Failure response constructs
sut_error()
Report an SUT error and print message to STDOUT.
Method
sut_error(<kind>
, <string>)
<kind>-
(Required) Is of type issue_kind. The predefined values are described in kind.
You can extend issue_kind to include project-specific kinds of issues.
<string>- (Required) Is a message that describes an SUT error that occurred, enclosed in double quotes.
The sut_error() method is one of a set of methods you can use to define a response to a failure or issue, including:
- sut_warning()
- sut_issue()
- scenario_completion_error()
- scenario_completion_warning()
- other_issue()
- other_warning()
- other_error()
Note
These methods must be invoked by the call directive.

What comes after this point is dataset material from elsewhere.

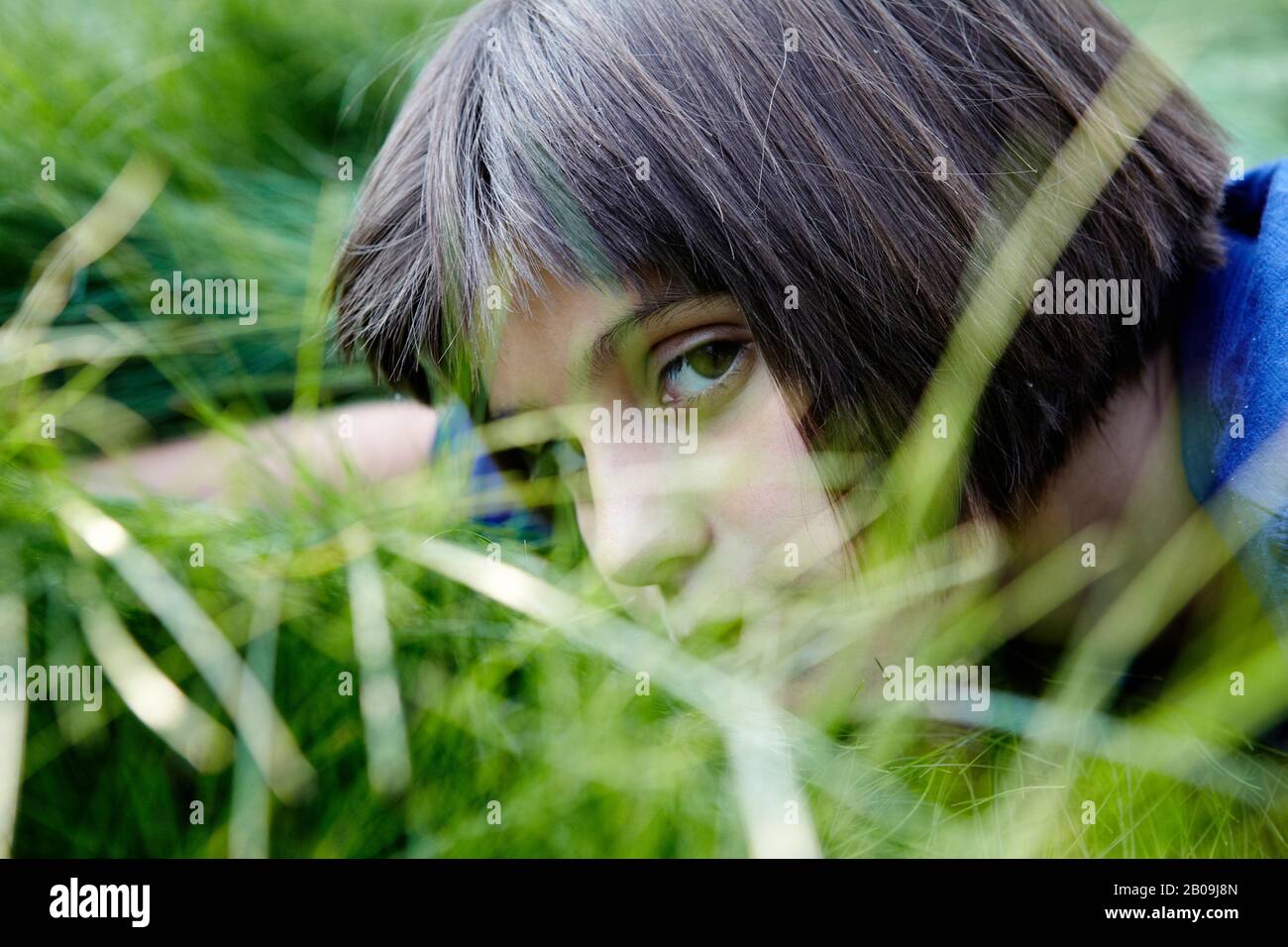 belle jeune fille posée dans l'herbe verte Banque D'Images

Alternatively you can invoke similar scenarios within the do block of a scenario.
extend top.main:
on sut.car.state.speed > 100kph:
call sut_error(assertion, "SUT drove too fast")
See complete example.
log*()
Print message to STDOUT.
Action
log(<string>)
log_info(<string>)
log_debug(<string>)
log_trace(<string>)
<string>- Is an informational message, enclosed in double quotes.

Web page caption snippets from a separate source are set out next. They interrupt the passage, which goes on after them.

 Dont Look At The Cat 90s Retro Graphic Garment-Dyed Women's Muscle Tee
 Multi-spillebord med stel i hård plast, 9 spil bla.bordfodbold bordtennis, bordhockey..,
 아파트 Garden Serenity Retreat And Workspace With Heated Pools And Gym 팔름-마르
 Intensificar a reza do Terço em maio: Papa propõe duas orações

The following constructs are used to print messages at various levels of verbosity:
| Name | Description |
|---|---|
| log() | Used to report major events and messages |
| log_info() | More detailed reporting |
| log_debug() | Verbose information that may be useful for debug |
| log_trace() | Most detailed information used to trace execution |
These actions can be invoked within the do block of a scenario, but not within an on modifier. However, you can call similar methods from an on block:
- logger.log_info(<string>)
- logger.log_debug(<string>)
- logger.log_trace(<string>)
import "$FTX_BASIC/exe_platforms/sumo_ssp/config/sumo_config.osc"
extend test_config:
set map = "$FTX_PACKAGES/maps/straight_long_road.xodr"
struct my_ints:
x: int
y: int
extend top.main:
var z: my_ints = new
do serial:
sut.car.drive() with: duration([3..7]s)
call logger.log_info("z.x = $(z.x), z.y = $(z.y)")
See complete example.
Statistics modifier
The statistics modifier performs a statistical computation on samples.
Scenario modifier
[<label>:] statistics(sample_type: <numeric type>, measurement: <measurement type>)

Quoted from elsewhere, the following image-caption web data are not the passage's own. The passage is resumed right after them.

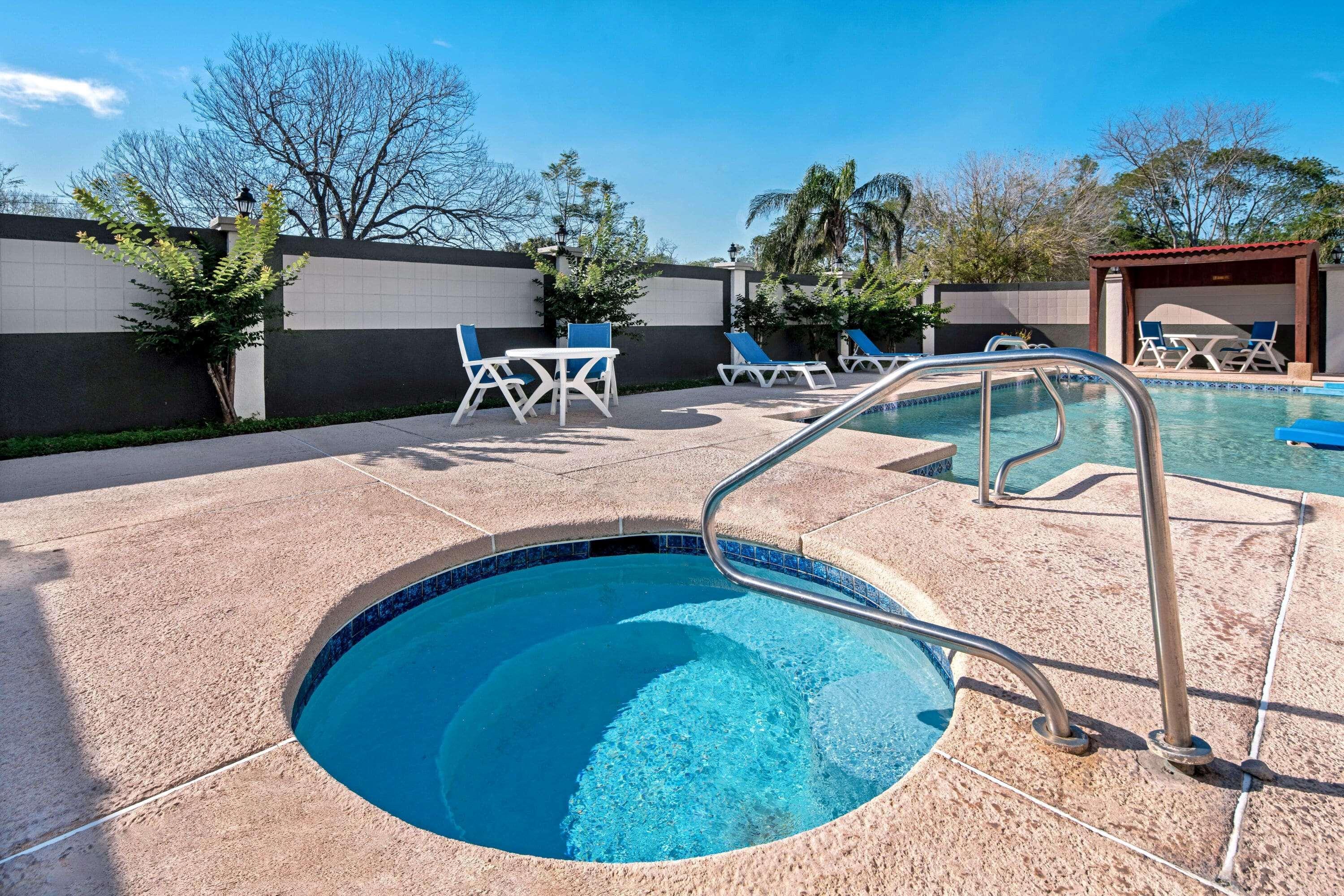 La Quinta By Wyndham Brownsville North Exterior photo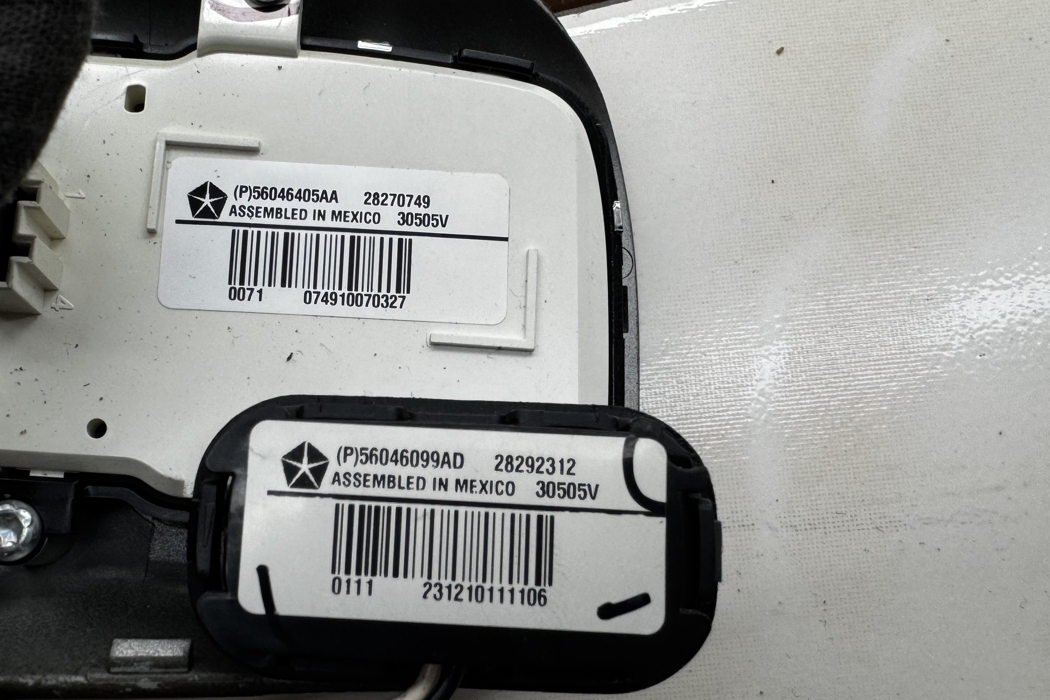 JEEP Compass 1 generation (2006-2015) Stūres pogas/slēdži P56046099AD,P56046405AA,P56046094AD,P56046098AD 31253398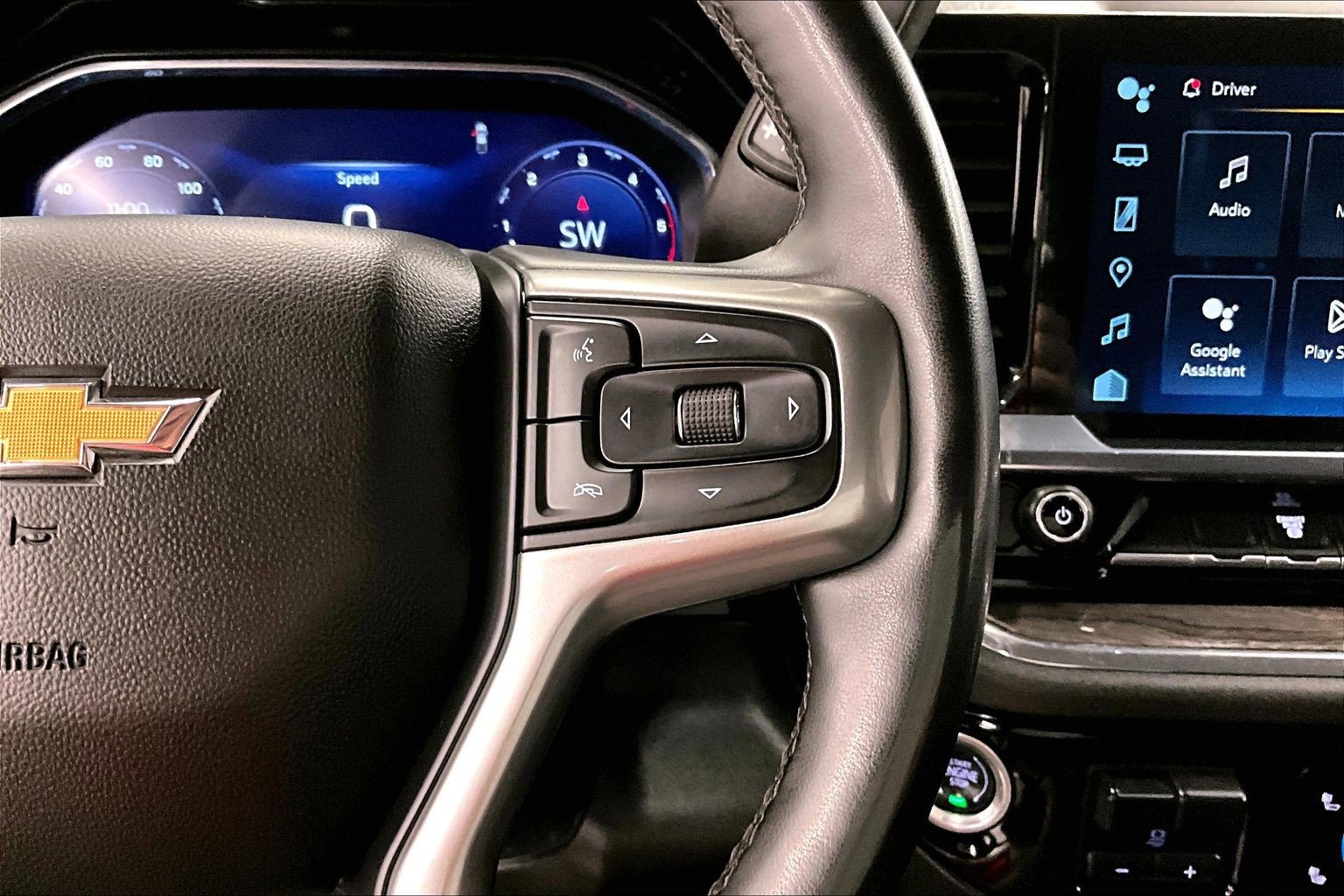 Used 2024 Chevrolet Silverado 3500 LTZ AWD/4WD image 27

<sample_type>- The type of the value to sample must be numeric. It can be of type 'int' or any physical type.
<measurement>- The statistical computation to perform: minimum, maximum, average, standard_deviation, or average_absolute_deviation.
add_sample(<expression>)- A method that adds an expression as a new sample.
compute() -> <numeric type>- A method that computes the statistical value and returns a value of type sample_type.
reset()- Resets the modifier’s state.
consume() -> <numeric type>- A method that computes the statistical value, resets the state, and returns a value of type sample_type, equivalent to calling compute() followed by reset().
The statistics modifier performs a statistical computation on samples. To perform the desired statistical computation, you must add the samples using the add_sample() method and call the compute() method.
-
minimum: the smallest sample value
-
maximum: the largest sample value
-
average: the average of the sample values
-
standard_deviation: the standard deviation of the sample values
-
average_absolute_deviation: the average absolute deviation of the sample values
extend top.main:
v1: vehicle
do v1.drive(duration: 10sec)
avg_speed: statistics(sample_type: speed, measurement: average)
on @top.clk:
avg_speed.add_sample(v1.state.speed)
on @end:
var avg := avg_speed.consume()
logger.log_info("v1 average speed: $(avg)")
See complete example.
extend top.main:
avg_acc_stats: statistics(sample_type: acceleration, measurement: average)
watcher above_50(my_interval_data) is above_w(sample_type: speed, sample_expression: my_car.state.speed, threshold: 50kph, tolerance: 5kph)
on @above_50.i_clock:
avg_acc_stats.add_sample(my_car.state.road_acceleration.lon)
on @above_50.i_end:
above_50.data.average_acceleration = avg_acc_stats.consume()
struct my_interval_data inherits above_w_speed_data:
var average_acceleration: acceleration
record(average_acceleration, expression: average_acceleration, unit: mpsps)
See complete example.
The float data type is not supported yet for the sample_type.